Il gelo di un obitorio e l’odore di decomposizione hanno smussato l’euforia dei ricercatori nel momento in cui sono finalmente riusciti ad accedere alla tomba il 29 maggio scorso.
Gli archeologi hanno rinvenuto i resti di ben sei bambini, un ritrovamento inconsueto nelle sepolture maya. Vicino ai resti hanno trovato una lama di ossidiana ricoperta di residui rossi- presumibilmente sangue.
La disposizione dei resti suggerisce che i bambini, alcuni di essi lattanti, siano stati vittime di sacrifici rituali nel momento in cui la salma del re veniva deposta nella tomba.
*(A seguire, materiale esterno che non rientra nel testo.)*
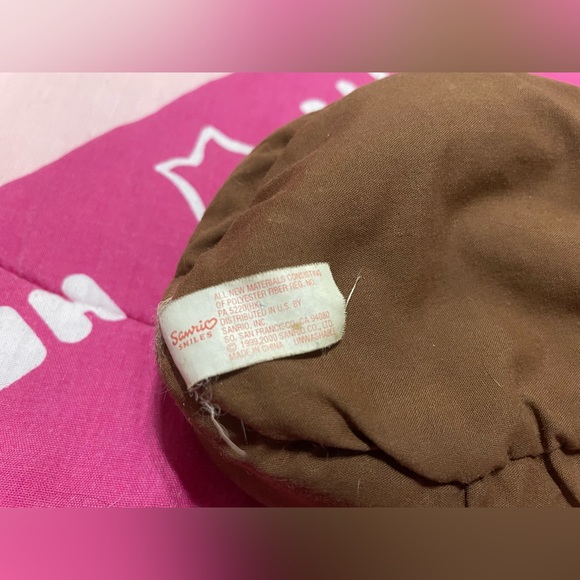 Landry Sanrio Pouch - Picture 5 of 6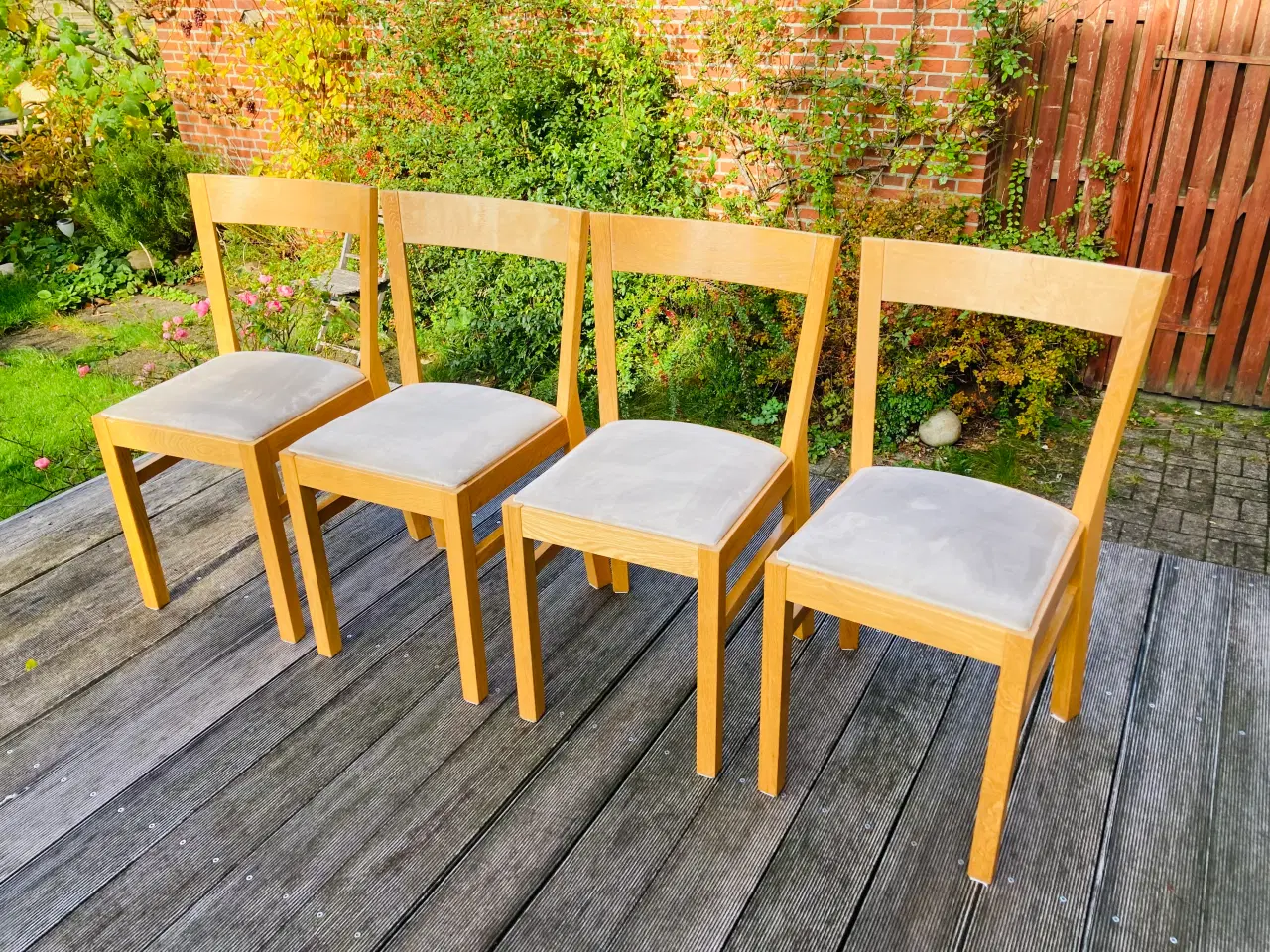 Billede 1 - 4 stk spisestuestole i massivt træ
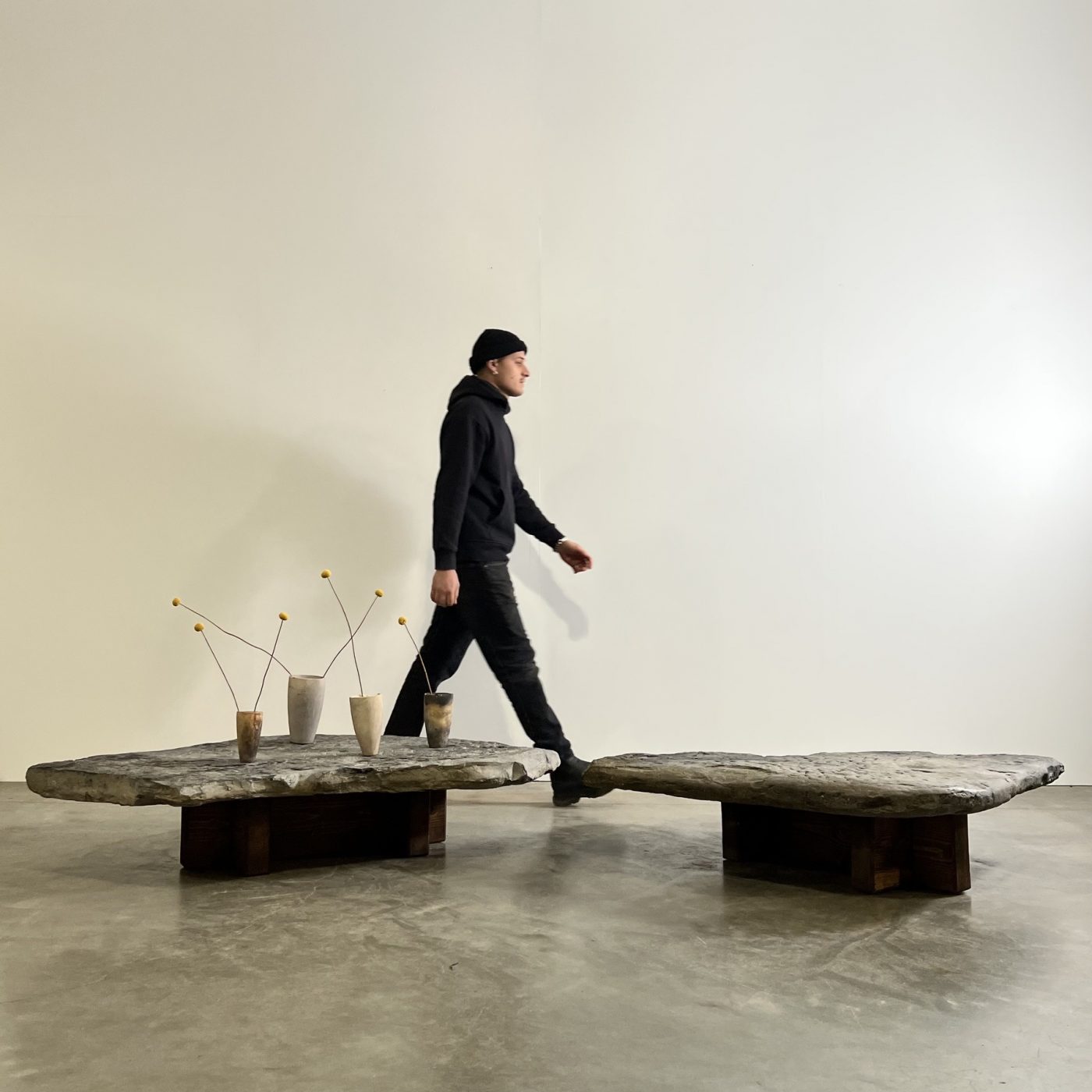 objet-vagabond-stone-coffeetable0005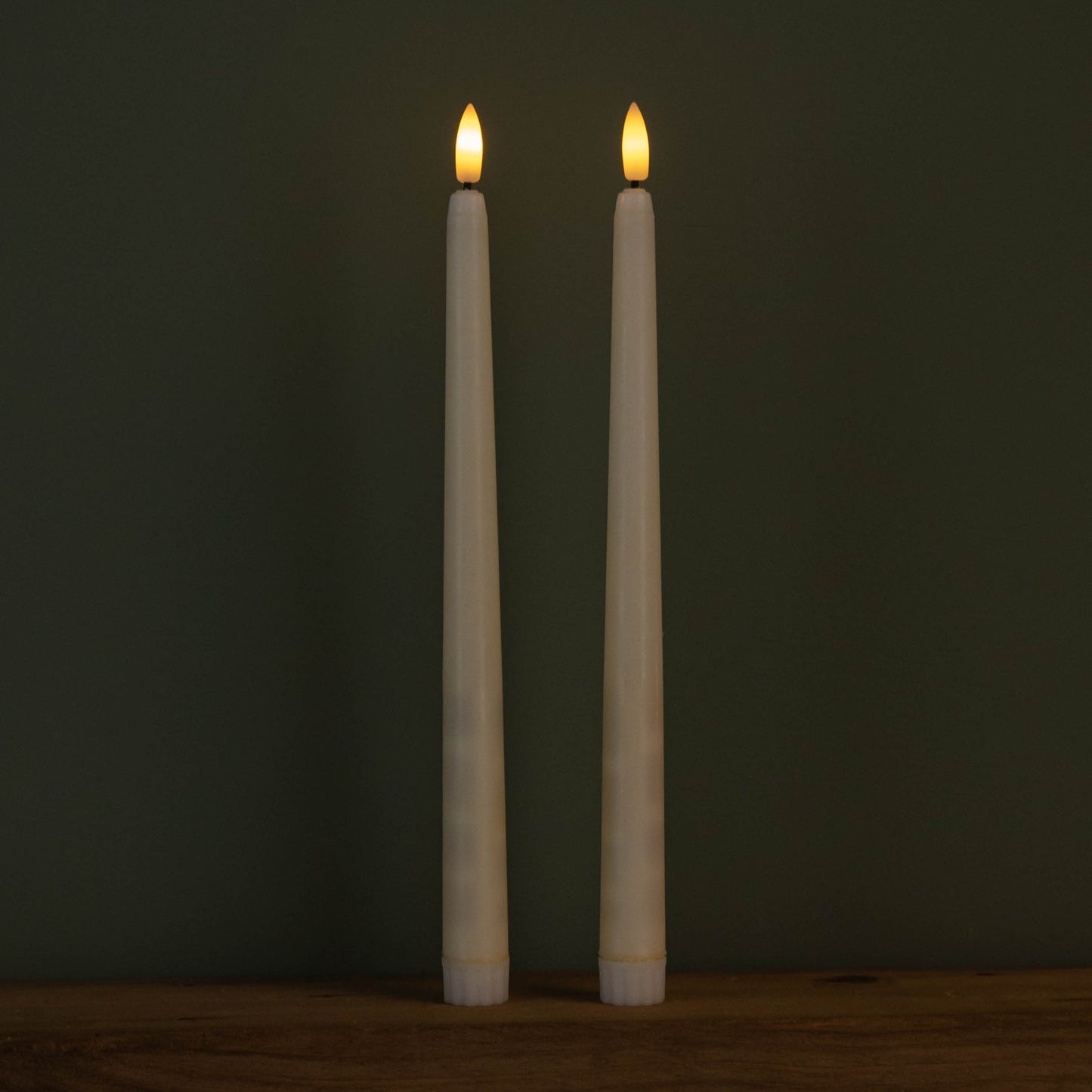 27.5cm 2pc Taper Candles with real flame effect LED technology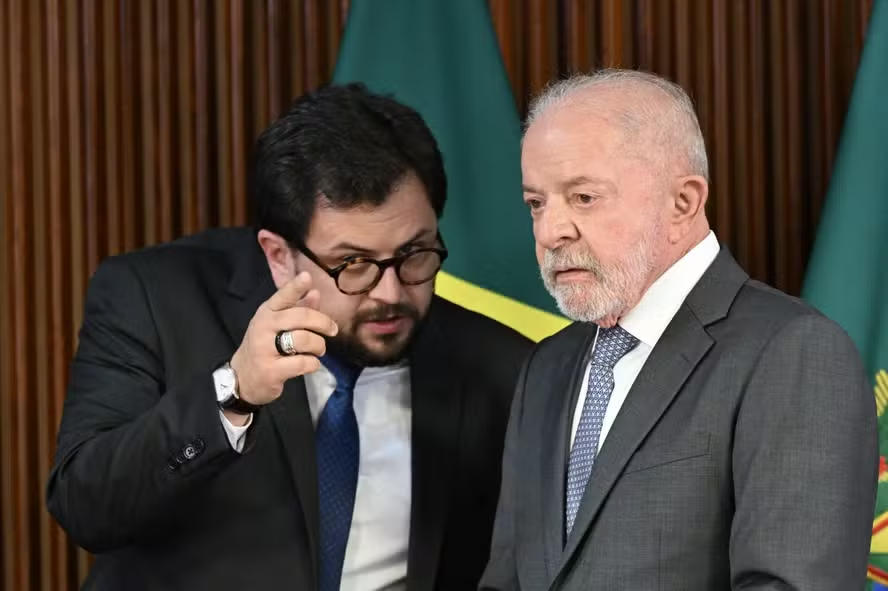 freire_roberto's tweet photo. Uma excelente cronica da grande jornalista Thaís Oyama. Vale a pena ler .

Os motivos da transgressão de Marcola, à luz de um Nobel
Ex-assessor de Lula concluiu que o ambiente era propício — e os incentivos para transgredir superavam com folga os freios

Por que as pessoas se suicidam? Por que têm filhos? Por que cometem crimes? O economista Gary Becker se fez todas essas perguntas para, a partir delas, construir modelos matemáticos capazes de gerar previsões. Interessava-lhe, sobretudo, a natureza humana — e como os humanos fazem escolhas. A resposta que formulou para a última questão — por que alguém comete um crime? — foi um dos eixos da obra que lhe rendeu o Prêmio Nobel de Economia, em 1992. No modelo de Becker, três fatores influem na decisão de infringir a lei: o benefício desejado, a probabilidade de ser apanhado e a punição prevista. Quanto maiores o risco e o castigo, menor o incentivo para perseguir o benefício. Mas, se o benefício é grande e as chances de ser pego pequenas, o tamanho do castigo perde importância.

Isso não significa que Becker, leitor de Schopenhauer e Dostoiévski, acreditasse que a natureza humana pudesse caber numa equação. Ele queria demonstrar como as paixões — vaidade, ressentimento, desejo de poder, prestígio, necessidade de aprovação do grupo e mesmo o mero prazer de transgredir — operam sob determinados freios ou incentivos.

Tome-se o caso de Marco Aurélio Santana Ribeiro, desafortunadamente apelidado Marcola. Ex-chefe de gabinete do presidente Lula, ele admitiu ter recebido de uma lobista de Brasília R$ 249 mil. Afirma que o valor foi um empréstimo, já quitado. Admita-se como verdadeira a versão de Marcola e, ainda assim, será inescapável concluir que o dono da chave do gabinete presidencial optou por tirar vantagem indevida de seu cargo. Na leitura mais benevolente, pediu dinheiro a alguém cujos negócios dependiam de acesso ao governo e que, portanto, pela natureza da atividade, não poderia negar-lhe o favor — sem falar na taxa de juros que, a se provar a tese do empréstimo, certamente foi mais camarada que as do mercado.

O que faria Marcola — estudioso de ciências políticas, dedicado funcionário do Planalto, homem de confiança e assessor direto de Lula — a incorrer em tão flagrante falta ética? E ainda mais em ano de eleição, sabendo que a um assessor presidencial não basta ser honesto, há que parecer honesto também ?

Marcola, hoje com 49 anos, filiou-se ao PT aos 23 e, desde então, viveu e trabalhou dentro da sigla. Há 11 anos assessora Lula diretamente. Nesse período, viu poucas e boas. Vieram a Lava-Jato e as revelações do petrolão, o escândalo da JBS, a prisão e a soltura de Lula. Gente graúda foi para a cadeia, reputações viraram pó, fortunas minguaram. Mas, com muita frequência, o inverso ocorreu: proscritos retornaram triunfantes à arena, condenados e delatores recuperaram liberdade e patrimônio, decisões foram anuladas, inquéritos foram para as calendas.

Foi o caso de Fábio Luís da Silva, o Lulinha. Nas duas primeiras vezes em que ele foi acusado de tráfico de influência, em 2005 e 2019, não chegou nem mesmo a se tornar réu — os inquéritos foram arquivados. Agora, pela terceira vez em 20 anos, o mesmo filho de Lula volta ao centro das atenções, desta vez na companhia de Roberta Luchsinger, a lobista benfeitora de Marcola. Contra ele, a mesma suspeita fundamental: que as vultosas quantias recebidas não pagavam por seus serviços, mas pelo acesso ao governo do pai.

No modelo de Becker, a decisão de transgredir pertence ao indivíduo, mas o benefício, o risco e a punição que ele enxerga são, em grande parte, definidos pelo comportamento das instituições — governos, Congresso, tribunais e órgãos de controle. Para quem se pergunta por que Marcola escolheu fazer o que fez — arriscando seu cargo, sua reputação e a de seu chefe —, a resposta de Becker talvez fosse que ele simplesmente confirmou seu modelo. 
Do posto avançado que ocupava, o ex-assessor presidencial olhou em torno e fez as contas. Concluiu que o ambiente era propício — e os incentivos para transgredir superavam com folga os freios.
Perché siano stati uccisi i bambini è un mistero, secondo Andrew Scherer, antropologo della Brown University che faceva parte della squadra di ricercatori.
La giovanissima età delle vittime suggerisce che il valore del loro sacrificio fosse accresciuto, agli occhi dei Maya, dal fatto che non fossero ancora persone fatte.
Secondo Houston, “almeno quattro dei bambini non erano ancora in grado di parlare né camminare, il che li rendeva creature alle soglie dell’esistenza umana”.
Il ruolo del re nella sua sepoltura appare meno oscuro.
I ricercatori hanno trovato ornamenti adatti a tintinnare e scandire il ritmo, fatti di conchiglie e “battagli” fatti di denti di cane, messi intorno alla vita e alle gambe del re.
Sono gli stessi ornamenti raffigurati in danze rituali nei dipinti maya: ciò induce a pensare che nella cerimonia di sepoltura fosse stata data al re defunto la “parte” del danzatore, nonostante fosse affetto da artrite, come evidente dalle giunture e dalle ossa rinvenute.